──────── Listed entries

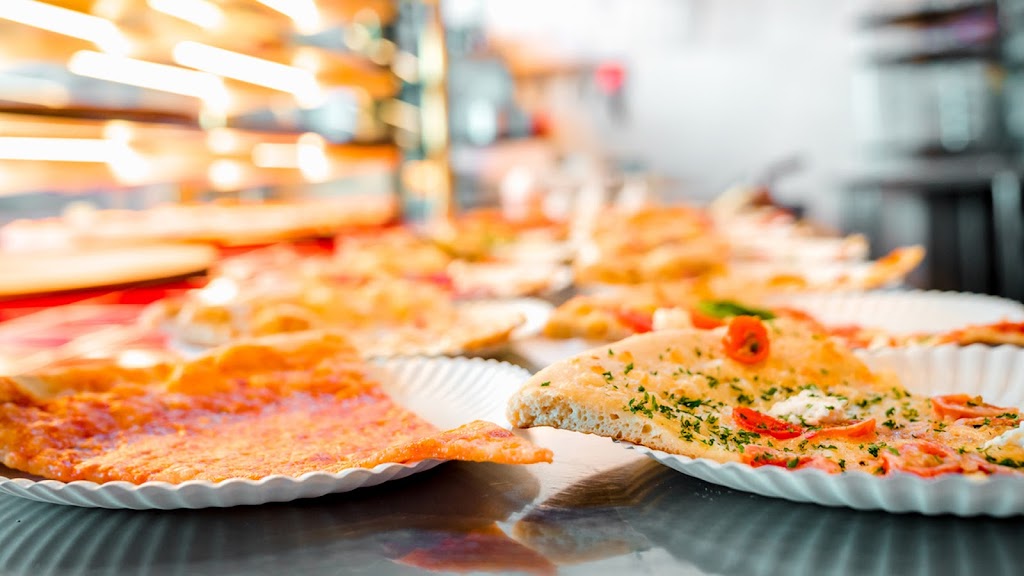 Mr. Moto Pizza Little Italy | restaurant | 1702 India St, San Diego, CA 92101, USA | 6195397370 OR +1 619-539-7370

────────────────
──────── Listed entries

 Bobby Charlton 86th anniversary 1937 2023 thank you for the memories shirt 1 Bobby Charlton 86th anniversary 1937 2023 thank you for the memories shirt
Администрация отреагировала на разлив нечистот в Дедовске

────────────────

Extract from the listing above the lines between the line containing "memories shirt 1" and the line containing "Администрация отреагировала на", keeping both of those lines. Output nothing else.

 Bobby Charlton 86th anniversary 1937 2023 thank you for the memories shirt 1 Bobby Charlton 86th anniversary 1937 2023 thank you for the memories shirt
Администрация отреагировала на разлив нечистот в Дедовске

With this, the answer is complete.